Hatch pointed out that the wage increase of six percent for the 2012-13 year was substantially higher than the state average for community college employees, which was three percent. “This was the highest wage adjustment for the state,” said Hatch.
James Matteson, who was seated on the board immediately before the meeting, questioned whether the wage structure for the college had been depressed.
Hatch replied that it had not been.
Board Chairman Bill Jeffers clarified the matter by stating that several years ago there was a two percent cut to wages. “Staff suggested a two percent decrease without much complaint for survival across the board. The impact was not as great as expected and this was an attempt to make up for that cut,” he said.
Matteson nodded, “That makes the six percent understandable. The graph presented indicates that we are well off,” indicating that he was asking for clarification of the increase.
Hatch explained how the two percent loss was made up for with the two percent increase plus the addition of another four percent, stating that from his perspective the increase made up for the cut several years ago.

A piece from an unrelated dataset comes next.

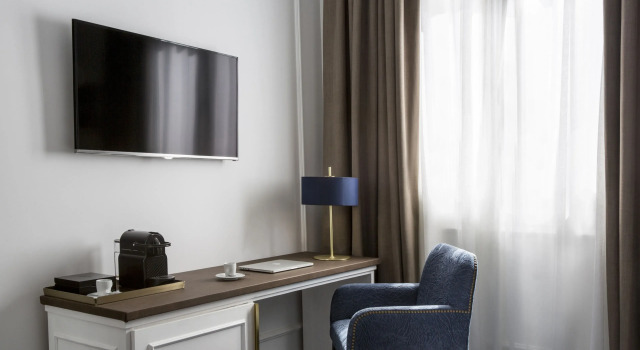 Двухместный номер Design Hotel Midmost by Majestic Hotel Group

Matteson then asked if wages for staff and faculty are in line with comparable wages for other community colleges.
“In the past we’ve been in the mid-range, but with the six percent increase we are slightly above mid-range,” replied Hatch.
“If our intent is to get the best faculty possible and develop programs, I think we should look at that,” said Matteson.
NPC President Dr. Jeanne Swarthout noted that the administration seated at the table, which included her-self, a director and two vice presidents, were the lowest paid in the state, but that they don’t care. “The salaries range depending on the category, but our faculty is above average,” she said.
Matteson continued, stating, “With the costs facing students we should be in the top one-third percentile. I’m supportive of a good wage for good work. With the high technology positions this county (requires), are they competitively paid?” asked Matteson.
Director of Information Services Eric Bishop responded by stating that they are not. “We have people who complete training then are hired away by the county or another public entity. They are not paid on a scale to be competitive,” he said, adding that a data base position that is open at the college has not even received applicants due to pay and location. “With the type of infrastructure here we have to duplicate at several sites and combine them all under one service. It can be very stressful,” explained Bishop.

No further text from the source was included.